Raw data:
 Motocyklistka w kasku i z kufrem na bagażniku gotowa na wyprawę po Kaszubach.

...

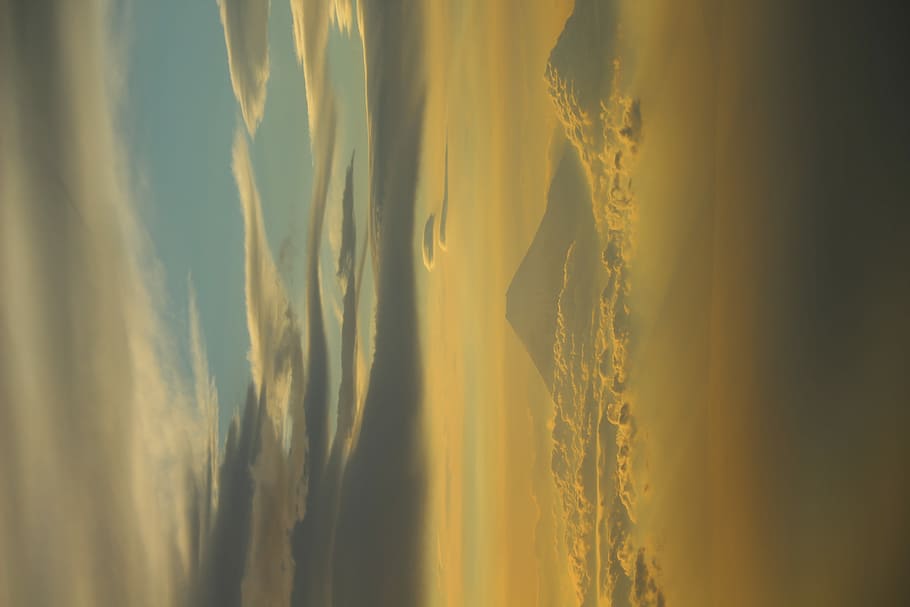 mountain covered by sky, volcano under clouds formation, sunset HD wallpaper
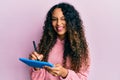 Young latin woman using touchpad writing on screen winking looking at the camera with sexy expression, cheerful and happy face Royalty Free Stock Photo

What you will do: Your answer should be the exact lines above from the one containing "mountain covered by" through the one containing "Young latin woman", with both end lines kept and the pictures removed, please.

Answer box:
 mountain covered by sky, volcano under clouds formation, sunset HD wallpaper
 Young latin woman using touchpad writing on screen winking looking at the camera with sexy expression, cheerful and happy face Royalty Free Stock Photo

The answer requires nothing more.